以前勤めていた会社の新しいオフィスを訪ねた。音楽出版社や芸能事務所と同居していた前のビルとはまったく雰囲気の違う、静かでエクセレントなたたずまい。

入り口で面会表に記入していると、ガードマンが「名刺を2枚拝見します」と言う。何の展示会かよ と思いながら渡すと、彼はさっとチェックしたのち2枚とも返してくる。「そうか、1枚だと貰った他人の名刺かもしれないからね」。「そういうことです」と言って、微笑んだ。

RFIDのワンデーパスでsuicaよろしく改札を抜けエレヴェータに乗ると、その箱は"going up"の声とともに、静かに上昇し始めた。きっと12月には"Merry Christmas"と声をかけてくれるのだろう。
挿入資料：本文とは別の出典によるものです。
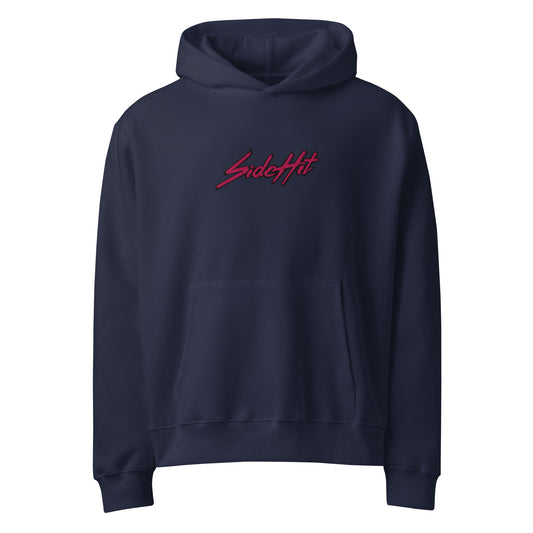SideHit Classic Logo Hoodie in Navy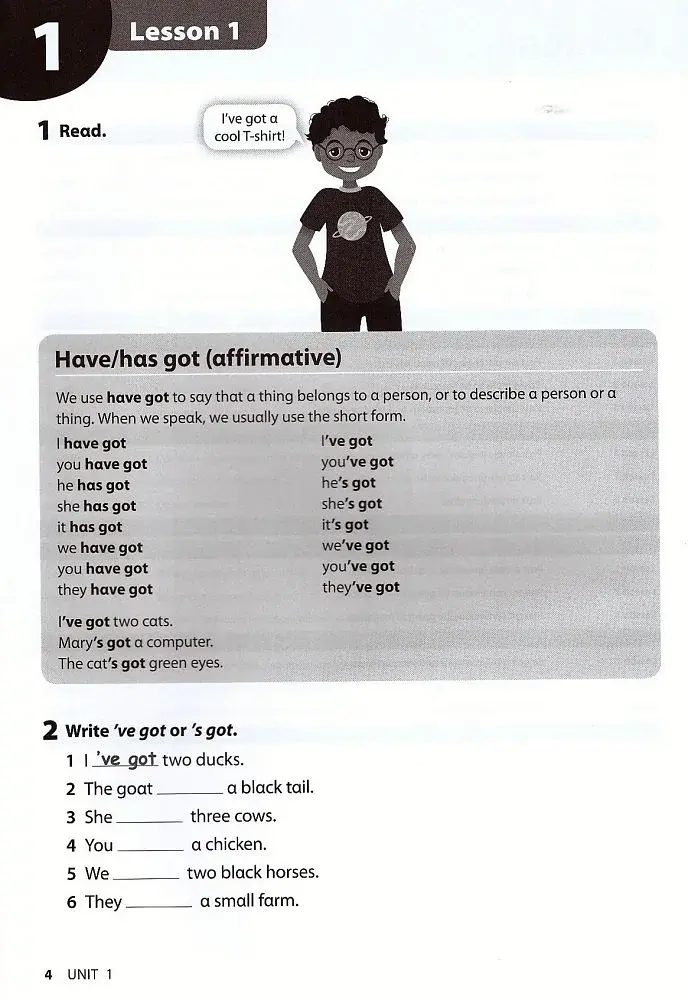 Wonderful World 2nd Edition 2 Grammar Book - фото 4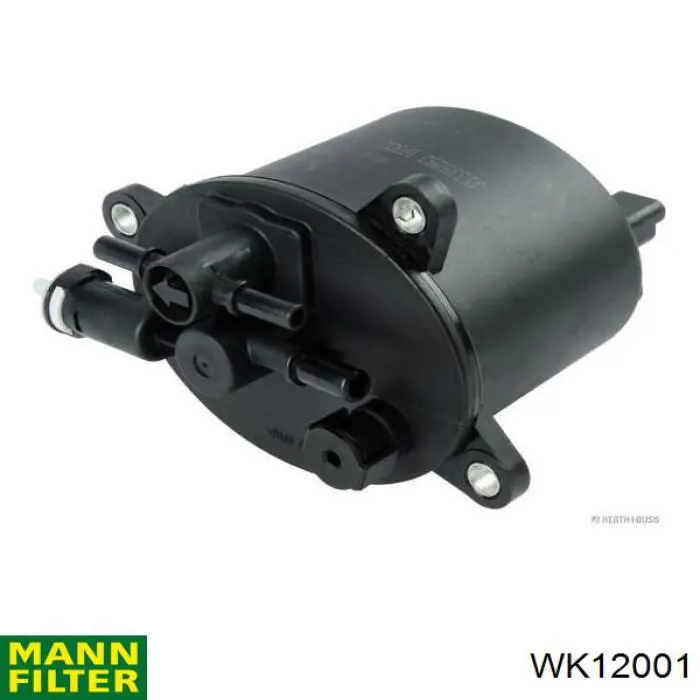 WK12001 Mann-Filter filtro combustible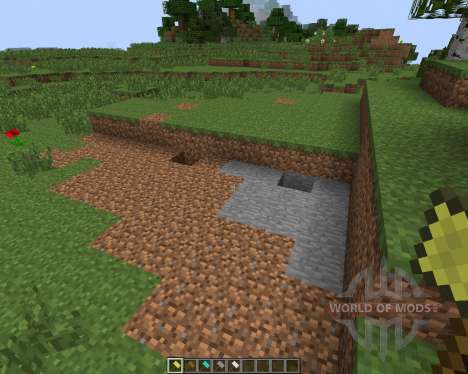 Hammers [1.7.2] for Minecraft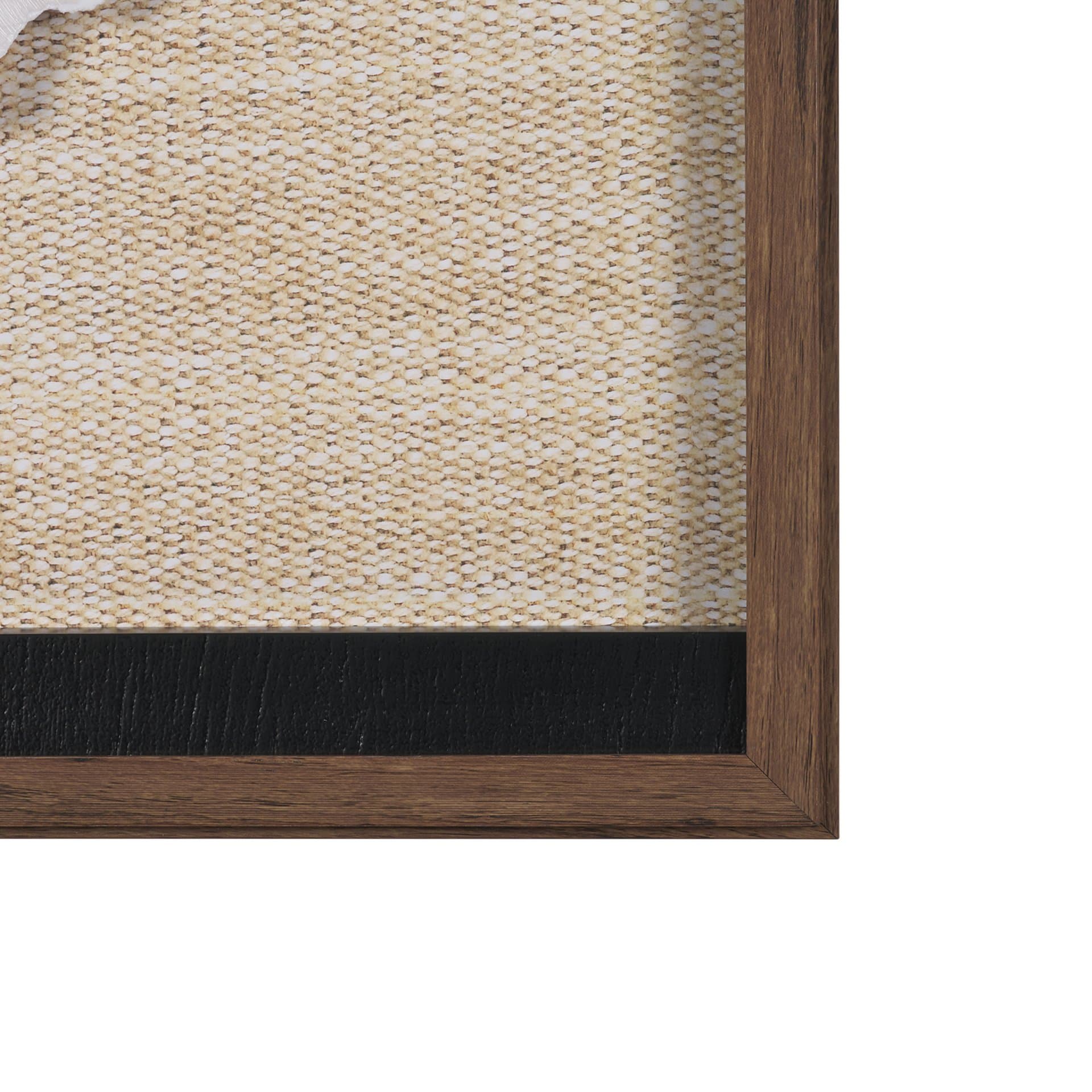 Peruvian Beginnings I by Mercana Studio Hand Embelished Textured Framed Artwork Matted under Glass — product photograph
ディスカバリー号の船内のような通路を抜け、案内された会議室に入ると、昔いっしょにバーベキューにいった同僚が担当だった。ザ・コン館の店頭で動き回っていた彼は、SMBセグメントのマーケティングマネージャになっていた。「こんな会社になっちまったのか」「こんな会社になっちまったよ」

そのころの僕らは毎週末のように飲んでいた。勝手に壁新聞を作り、ハロウィーンにはエルヴィスの衣装を身に付け、来日したCEOを連れて六本木でCalifornia Dreamingを合唱した。そんな面影は、もう、ここには無かった。打ち合わせを終え、20年振りの同窓会の帰りのような気分で、僕は地下鉄に乗った。人間の集団である会社は、構成する細胞の変化とともにキャラクターが変わる生き物だ。すっかり大人になった貴方に畏敬の念を抱きつつ、でもやはり僕は昔のやんちゃな君が好きだった。